Skip the pictures. Output only the lines below starting at the line with "Woodland Animals Watercolor" and ending at the line with "Tavolino laterale rotondo", both ends included, exactly as they are.

| SUPPLIED MATERIAL |
:::

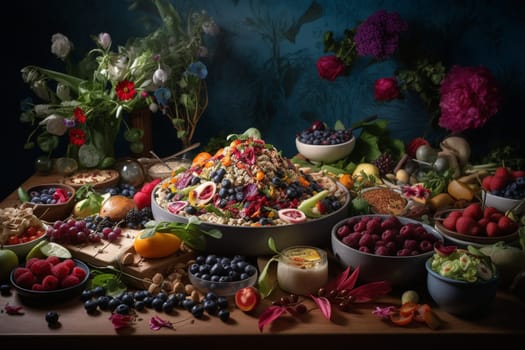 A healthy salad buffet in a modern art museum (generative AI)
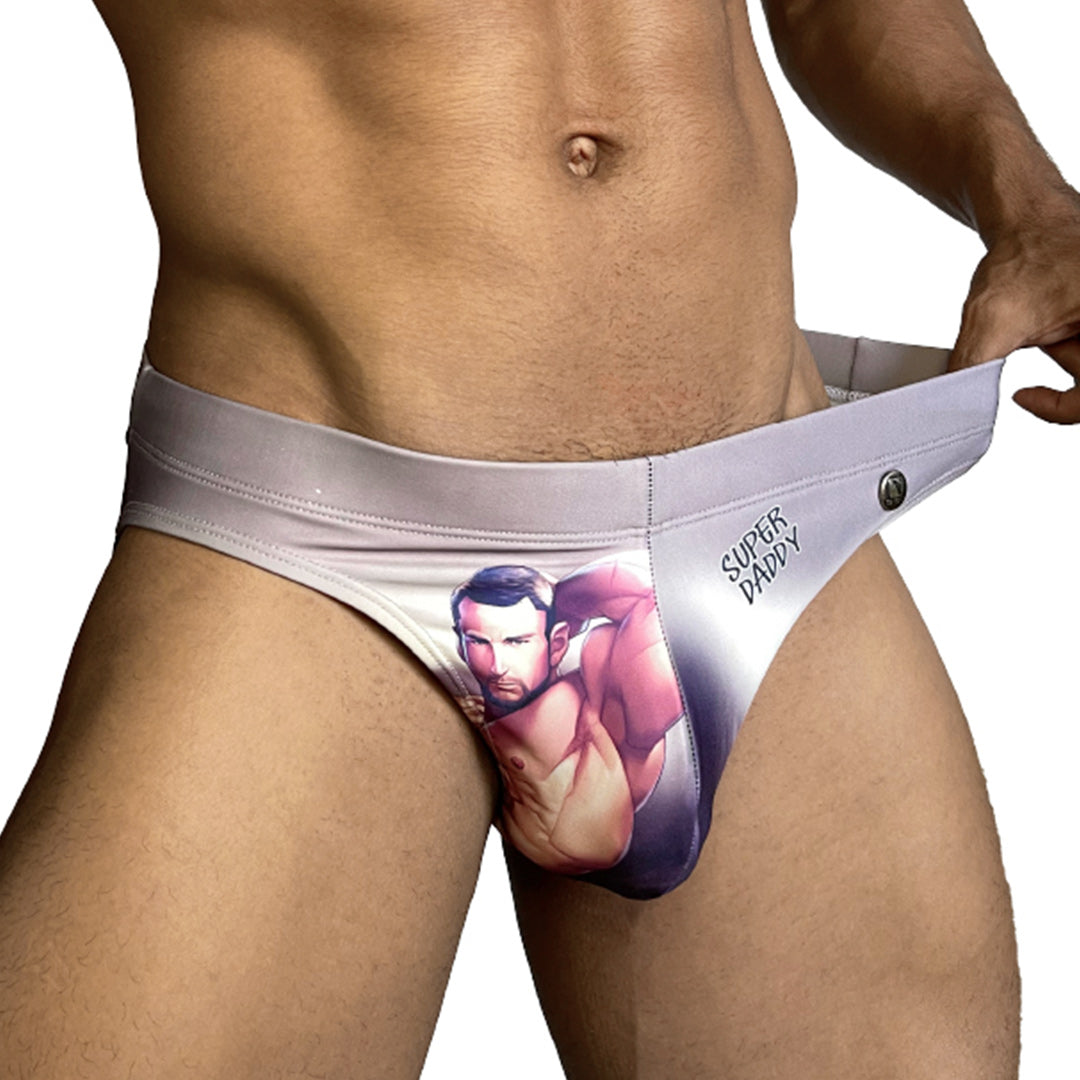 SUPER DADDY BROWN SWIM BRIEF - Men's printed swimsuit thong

:::

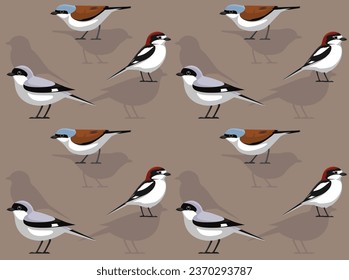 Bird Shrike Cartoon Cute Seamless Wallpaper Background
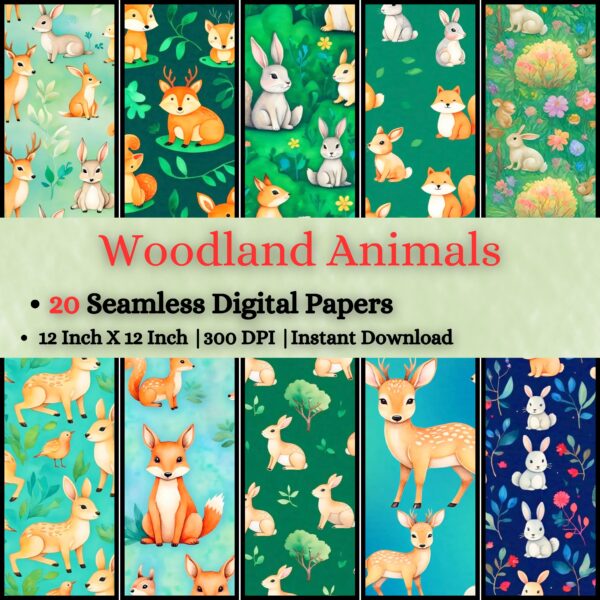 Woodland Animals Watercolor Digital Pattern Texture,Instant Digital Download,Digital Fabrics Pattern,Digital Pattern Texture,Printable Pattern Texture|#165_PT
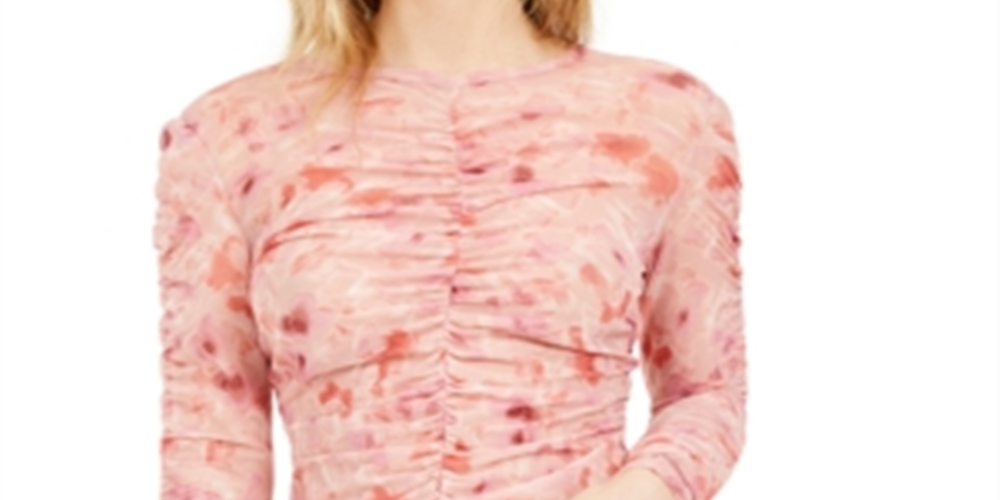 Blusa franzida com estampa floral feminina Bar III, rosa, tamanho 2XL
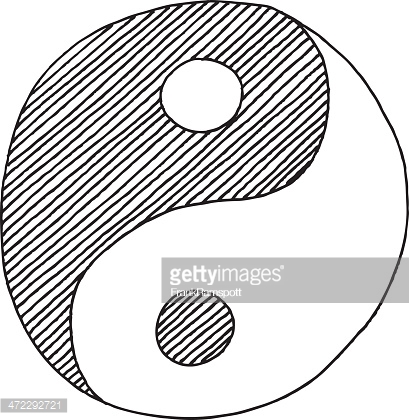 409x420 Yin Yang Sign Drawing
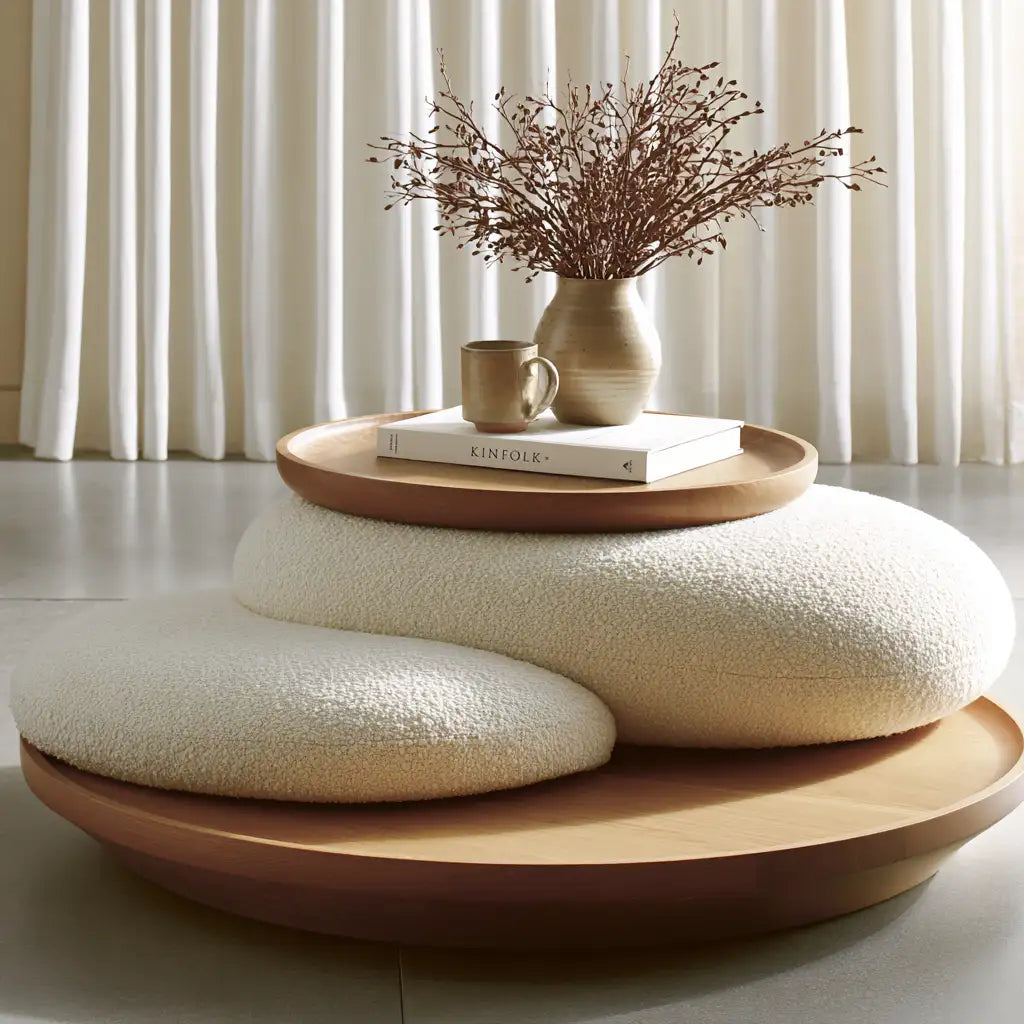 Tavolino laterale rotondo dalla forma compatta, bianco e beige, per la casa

:::

| TASK RESPONSE |
 Woodland Animals Watercolor Digital Pattern Texture,Instant Digital Download,Digital Fabrics Pattern,Digital Pattern Texture,Printable Pattern Texture|#165_PT
 Blusa franzida com estampa floral feminina Bar III, rosa, tamanho 2XL
 409x420 Yin Yang Sign Drawing
 Tavolino laterale rotondo dalla forma compatta, bianco e beige, per la casa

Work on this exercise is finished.